Learning from Leaves

sponsored by Agilent Technologies

Drawing inspiration from nature, Wee-Jun Ong – Professor of Chemical Engineering at Xiamen University Malaysia and the Director of the Center of Excellence for NaNo Energy & Catalysis Technology (CONNECT) – is developing artificial photo/electrosynthetic processes using nano- and photo-catalysts/electrocatalysts to produce clean hydrogen and energy-bearing fuels from water, sunlight and either carbon dioxide or waste plastics. His lofty aim? To help Malaysia – and the world – reach the net zero carbon emissions target by 2050. 

To help facilitate his work, Professor Ong is collaborating with Agilent, which provides the instrumentation and know-how to help Prof. Ong and his team to understand and control the nanocatalytic processes he is developing, while characterizing reaction products, so that they can be repeated, scaled up, and eventually rolled out at a large scale. 

Here, we speak with Prof. Ong to find out more about his fascinating research. Below, we ask Agilent’s Robin Philp (Academia & Collaborations Manager, South East Asia) why he’s so excited about the collaboration. 

How did you begin working on energy-related applications? 

My first source of inspiration came from my school studies, when I first learned about photosynthesis – how in plants chlorophyll absorbs light and carbon dioxide to produce glucose for the plant and oxygen, which we need for our survival. I’ve always wondered whether we might be able to reproduce this process artificially.

In artificial photosynthesis (also known as photochemistry), our “leaf” is a nanocatalyst that will absorb water, carbon dioxide, and sunlight to produce hydrogen – alongside other carbon-based molecules (CO, CH4, CH3OH and so on) – which could then be harnessed as a clean energy source. Essentially, this is what I’ve been working towards for the past decade and it continues to inspire me.
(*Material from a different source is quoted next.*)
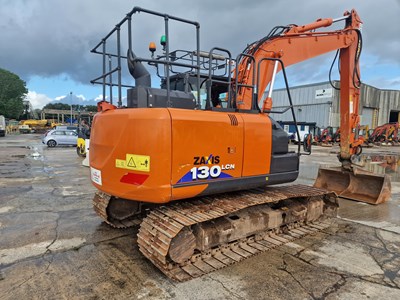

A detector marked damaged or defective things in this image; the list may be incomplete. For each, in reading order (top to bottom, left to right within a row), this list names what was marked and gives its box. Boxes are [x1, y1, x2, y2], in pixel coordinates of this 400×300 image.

cracked concrete surface [0, 135, 400, 298]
How do you break down your ambitious goal into more achievable tasks? 

The end goal is to have a technological solution that can be commercialized and rolled out on a large scale, but, before you get to that point, there are a series of steps you must go through – from lab studies, to prototype, and eventually the industrial scale. One of the first steps for us was to try to understand the current bottlenecks in photochemical processes. In other words, how can we improve efficiency so that we are able to produce clean hydrogen from photochemical processes in large quantities? 

I’ve always enjoyed trying to think outside the box, which means broadening your horizons and collaborating with others. So, I spent two years working as a Scientist in Singapore at the Institute of Materials Research and Engineering (IMRE), Agency for Science, Technology and Research (A*STAR), as well as several months on sabbaticals as a Visiting Professor in Germany at Technische Universität Dresden and the US at the Lawrence Berkeley National Laboratory, and the University of California, Berkeley. 
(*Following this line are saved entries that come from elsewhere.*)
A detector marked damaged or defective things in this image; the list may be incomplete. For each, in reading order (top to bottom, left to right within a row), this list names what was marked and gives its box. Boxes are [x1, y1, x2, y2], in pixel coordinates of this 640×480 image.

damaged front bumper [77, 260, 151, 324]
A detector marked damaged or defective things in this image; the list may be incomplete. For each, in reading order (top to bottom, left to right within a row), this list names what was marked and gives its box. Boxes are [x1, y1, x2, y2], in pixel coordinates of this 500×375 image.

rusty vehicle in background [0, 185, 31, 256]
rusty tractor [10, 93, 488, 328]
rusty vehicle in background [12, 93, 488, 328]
Today, I head a growing team focused on using catalysts to sustainably produce clean energy or industrially relevant chemicals.
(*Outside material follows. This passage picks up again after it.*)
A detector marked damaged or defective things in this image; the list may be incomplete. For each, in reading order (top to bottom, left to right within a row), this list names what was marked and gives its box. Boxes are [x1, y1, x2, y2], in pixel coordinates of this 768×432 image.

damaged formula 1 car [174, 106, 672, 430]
Which analytical questions arise during your work and how do you solve them? 

A crucial aspect of our work is understanding whether the catalysts we are synthesizing have the robust physicochemical properties for our purposes – converting carbon dioxide into hydrogen, methanol, and carbon monoxide, for example. To understand optical properties of our catalysts, we use UV-visible spectroscopy. But we also need to understand their structural properties, phase properties, and morphological properties to ensure that we – as well as other labs – can reliably repeat our synthesis process. For this, we use a range of analytical techniques – especially gas chromatography (GC), which has been my focus. 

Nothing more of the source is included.